> **Problem**
Please go line by line and repeat the data below exactly, with no images.

━━━━━━━━━━

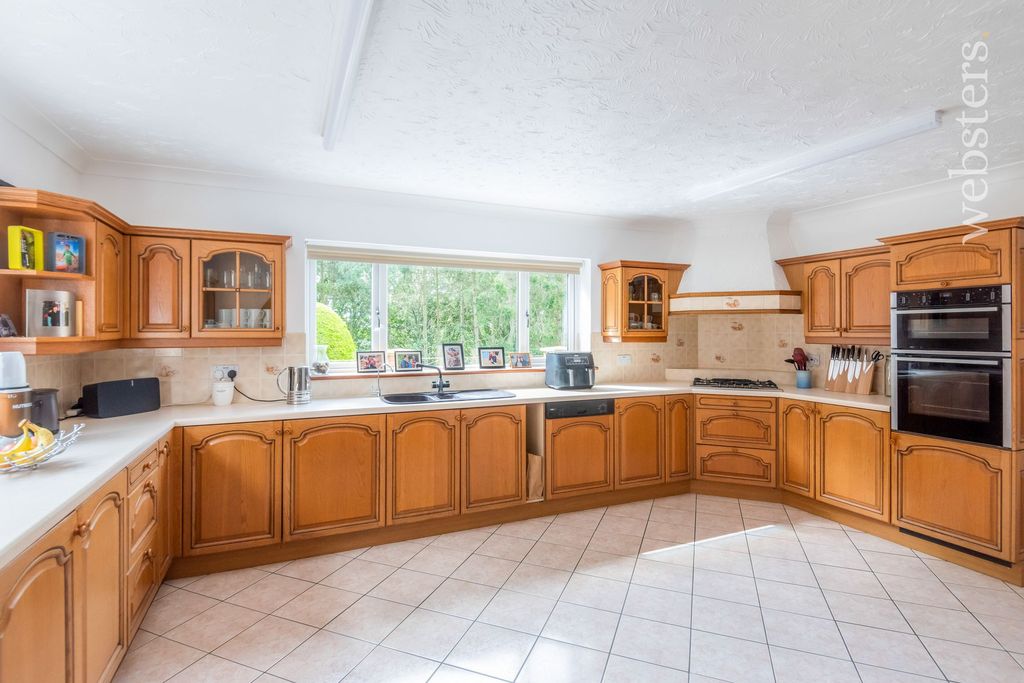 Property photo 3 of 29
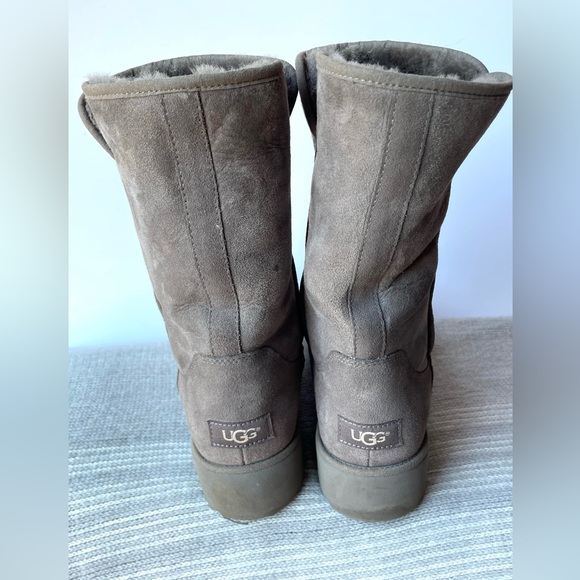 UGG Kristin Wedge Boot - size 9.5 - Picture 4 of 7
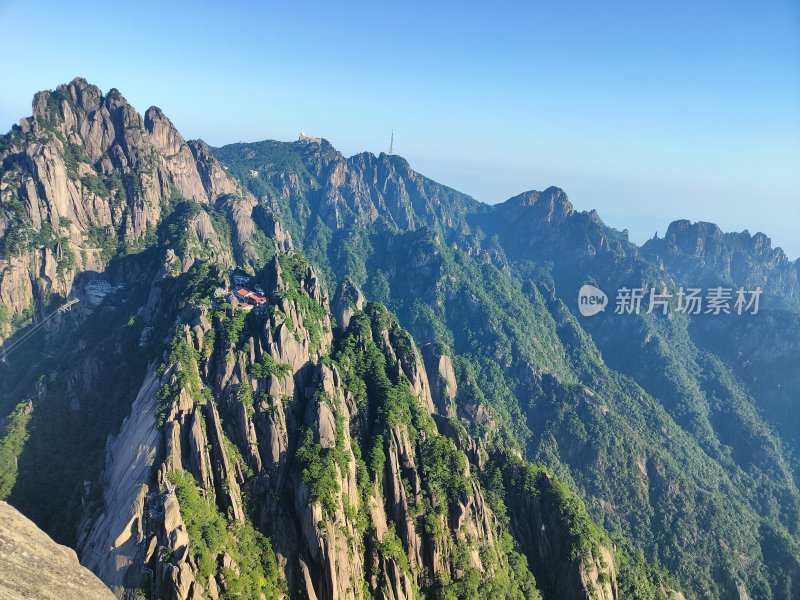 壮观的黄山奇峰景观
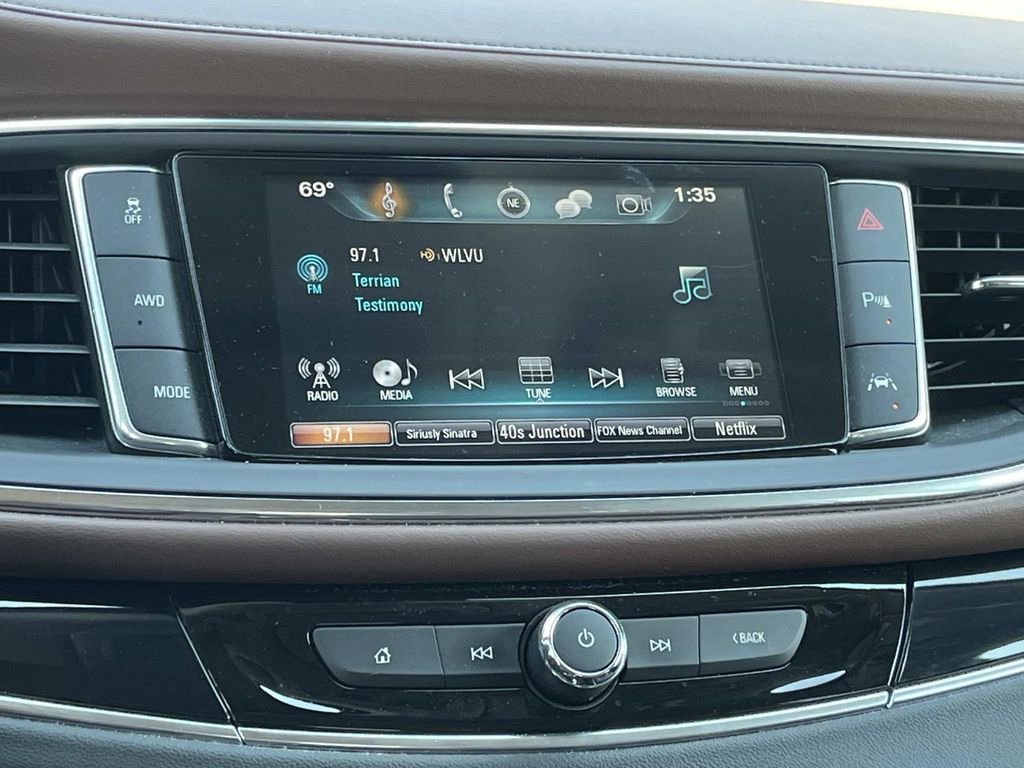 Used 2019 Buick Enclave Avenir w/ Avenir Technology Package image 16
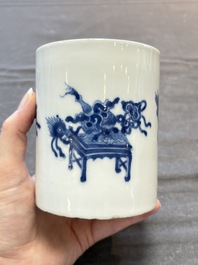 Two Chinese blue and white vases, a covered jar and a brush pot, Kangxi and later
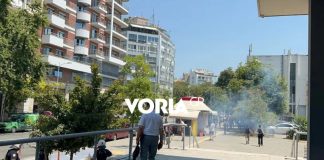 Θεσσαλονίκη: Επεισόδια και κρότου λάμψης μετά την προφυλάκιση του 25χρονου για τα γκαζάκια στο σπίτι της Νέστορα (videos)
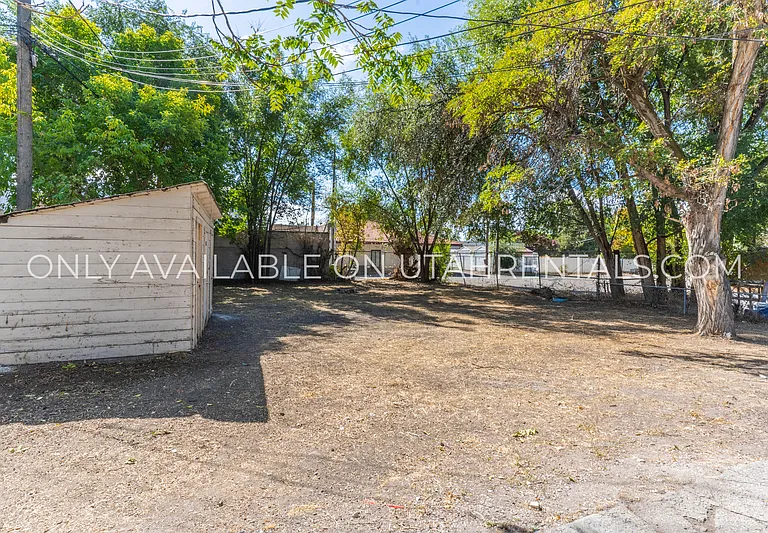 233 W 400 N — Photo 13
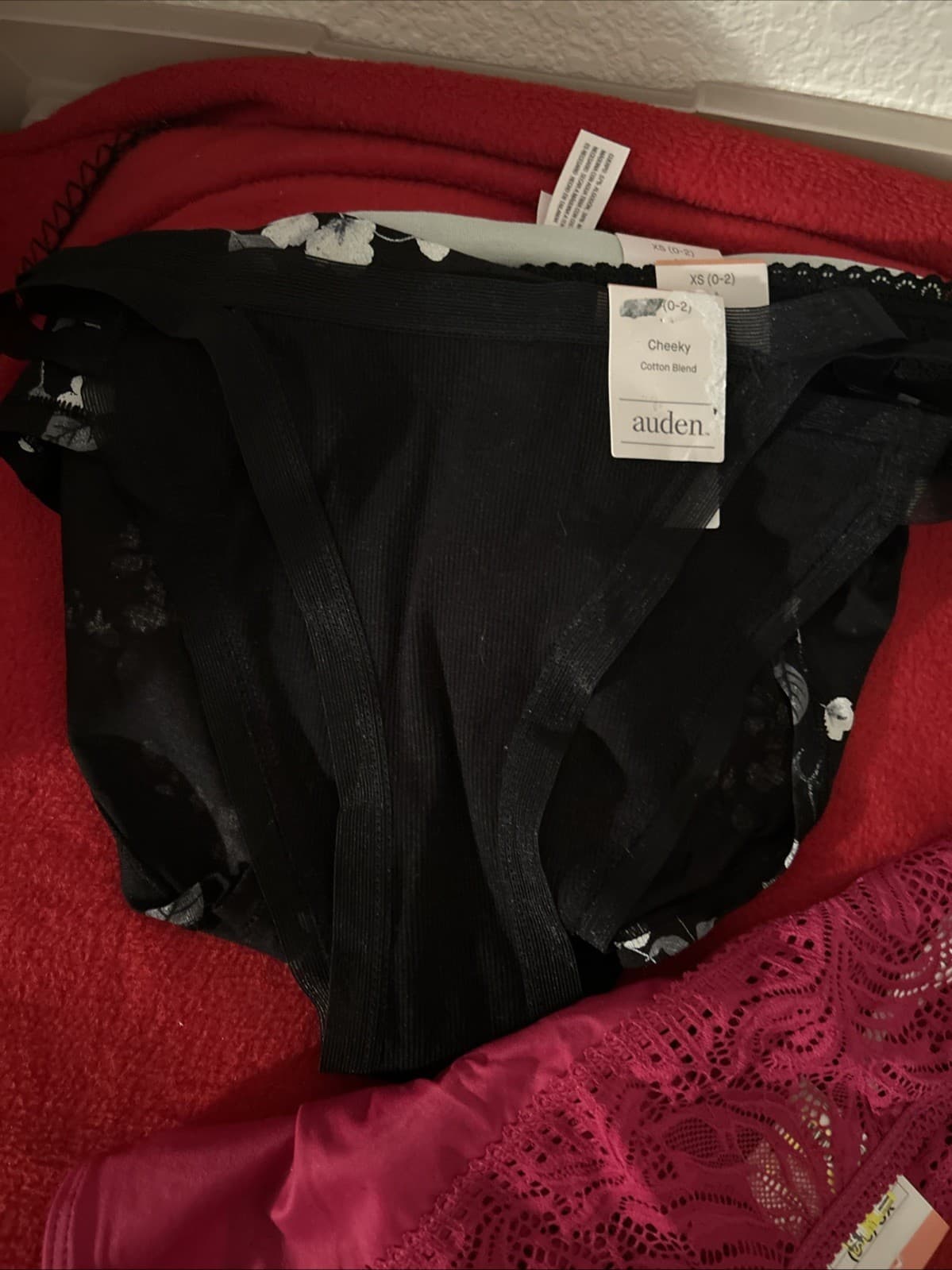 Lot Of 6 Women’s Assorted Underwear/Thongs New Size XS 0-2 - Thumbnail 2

━━━━━━━━━━

> **Answer area**
 Property photo 3 of 29
 UGG Kristin Wedge Boot - size 9.5 - Picture 4 of 7
 壮观的黄山奇峰景观
 Used 2019 Buick Enclave Avenir w/ Avenir Technology Package image 16
 Two Chinese blue and white vases, a covered jar and a brush pot, Kangxi and later
 Θεσσαλονίκη: Επεισόδια και κρότου λάμψης μετά την προφυλάκιση του 25χρονου για τα γκαζάκια στο σπίτι της Νέστορα (videos)
 233 W 400 N — Photo 13
 Lot Of 6 Women’s Assorted Underwear/Thongs New Size XS 0-2 - Thumbnail 2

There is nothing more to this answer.